**Action item**.
Scan the records below for the line with "pcb transformer" and the line with "Snapshot of acidlampa420", and retype that range exactly, both ends included, pictures excepted.
:: The input ::
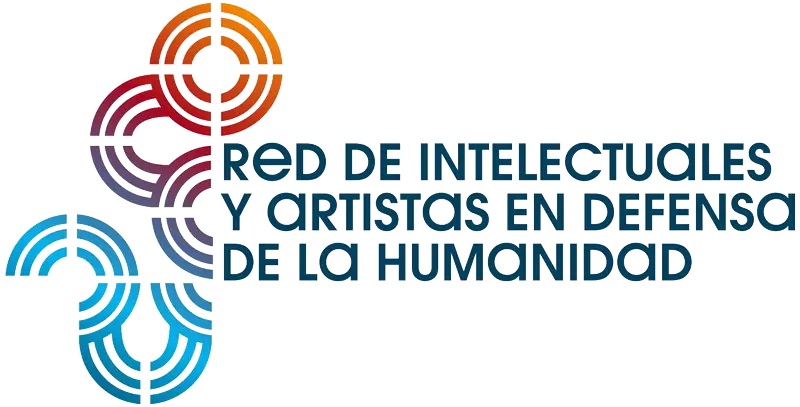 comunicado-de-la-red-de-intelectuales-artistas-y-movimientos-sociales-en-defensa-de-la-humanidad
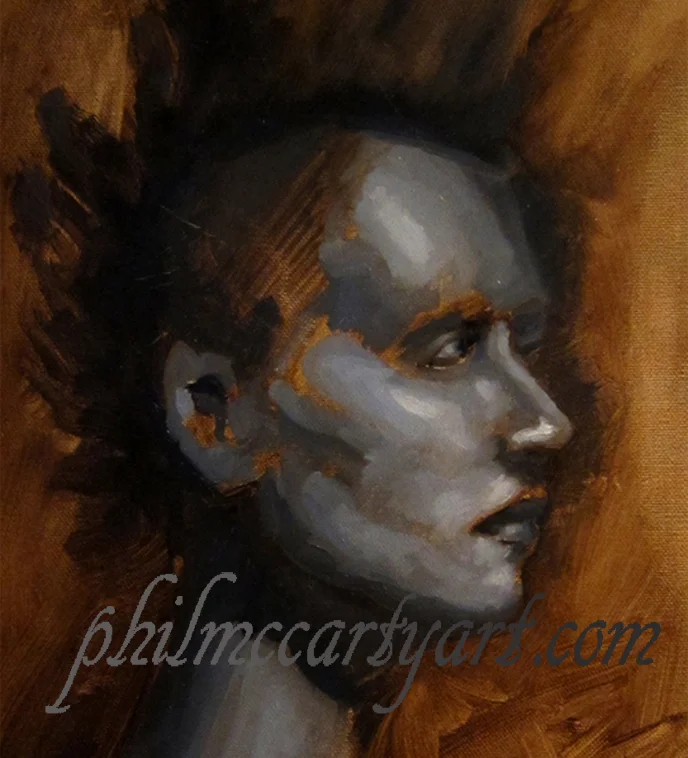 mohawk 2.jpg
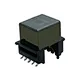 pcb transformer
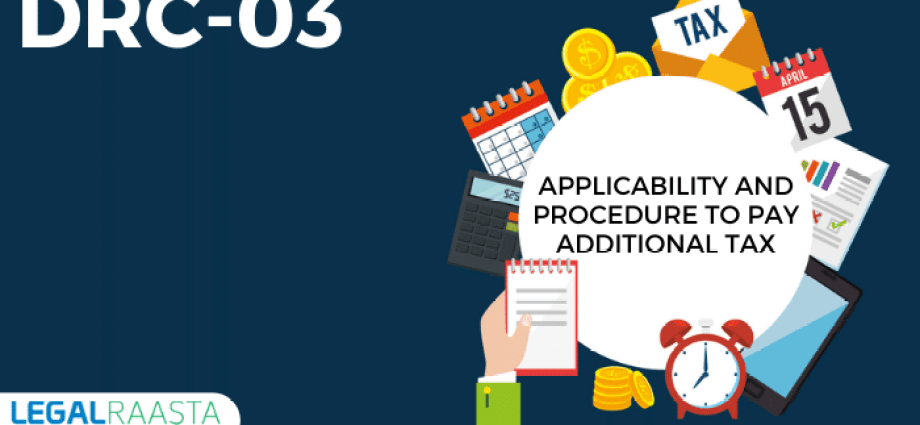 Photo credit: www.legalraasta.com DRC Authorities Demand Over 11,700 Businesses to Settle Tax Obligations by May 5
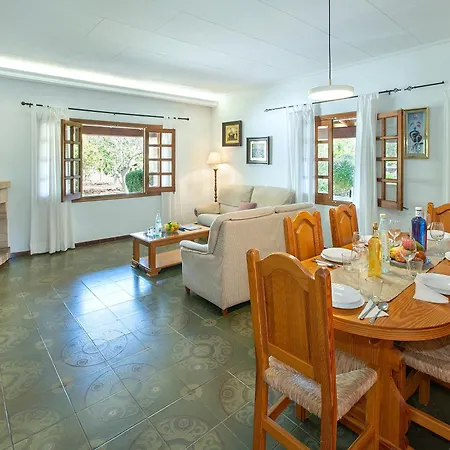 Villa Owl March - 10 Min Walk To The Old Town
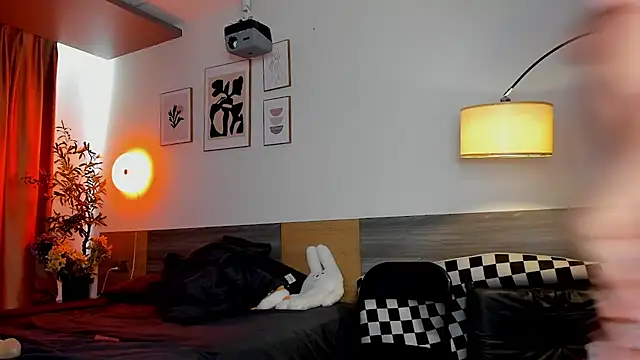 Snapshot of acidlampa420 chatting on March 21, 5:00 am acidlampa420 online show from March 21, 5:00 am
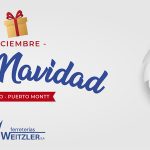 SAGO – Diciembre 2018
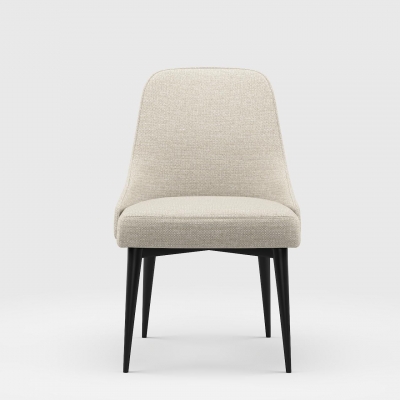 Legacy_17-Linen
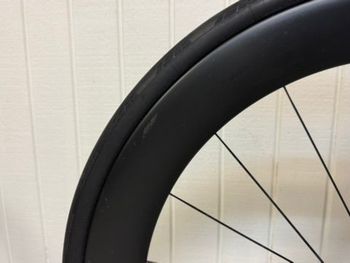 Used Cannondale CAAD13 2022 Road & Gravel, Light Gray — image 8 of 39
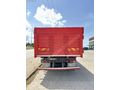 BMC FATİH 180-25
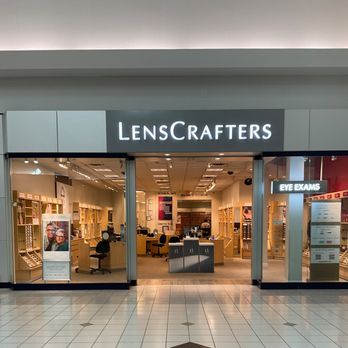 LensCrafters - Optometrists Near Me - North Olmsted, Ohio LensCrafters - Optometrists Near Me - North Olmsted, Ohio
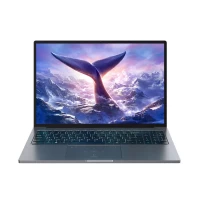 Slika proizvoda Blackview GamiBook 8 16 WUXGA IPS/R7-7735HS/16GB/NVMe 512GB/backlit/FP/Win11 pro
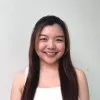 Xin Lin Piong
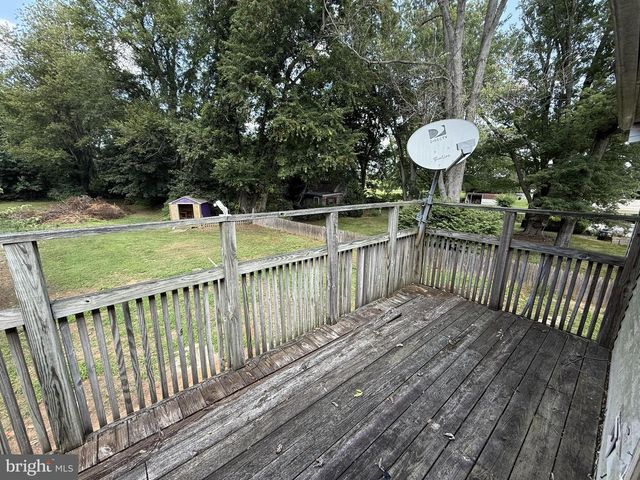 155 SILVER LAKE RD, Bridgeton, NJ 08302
:::
:: The input ::
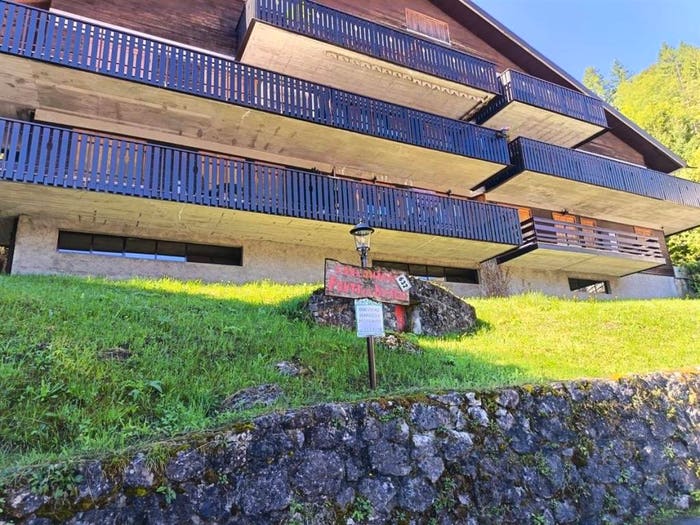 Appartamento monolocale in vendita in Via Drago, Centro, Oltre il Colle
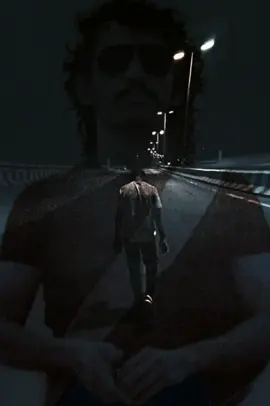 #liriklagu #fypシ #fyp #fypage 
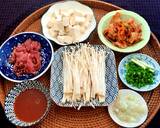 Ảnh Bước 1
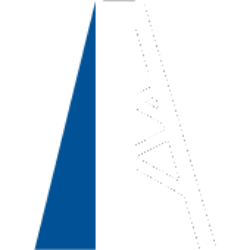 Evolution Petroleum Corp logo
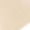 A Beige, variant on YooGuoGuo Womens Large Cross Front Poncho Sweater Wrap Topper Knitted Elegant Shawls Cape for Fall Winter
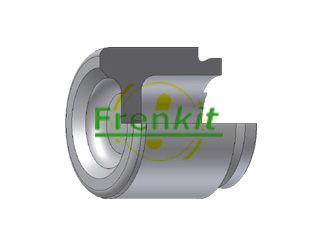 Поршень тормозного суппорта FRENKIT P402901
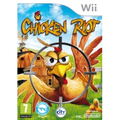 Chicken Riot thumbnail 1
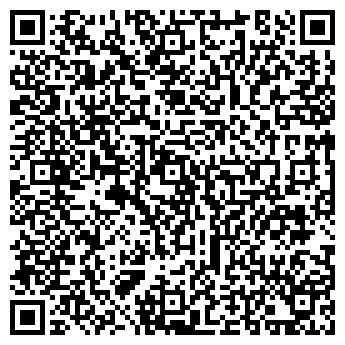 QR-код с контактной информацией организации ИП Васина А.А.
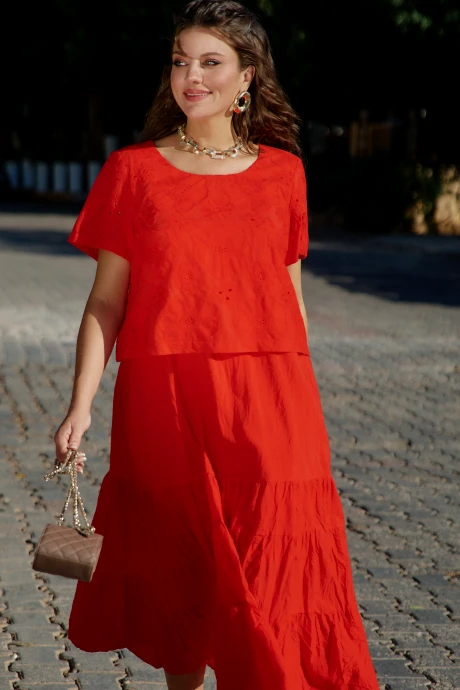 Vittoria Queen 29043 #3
:::
**Finished exercise**.
 pcb transformer
 Photo credit: www.legalraasta.com DRC Authorities Demand Over 11,700 Businesses to Settle Tax Obligations by May 5
 Villa Owl March - 10 Min Walk To The Old Town
 Snapshot of acidlampa420 chatting on March 21, 5:00 am acidlampa420 online show from March 21, 5:00 am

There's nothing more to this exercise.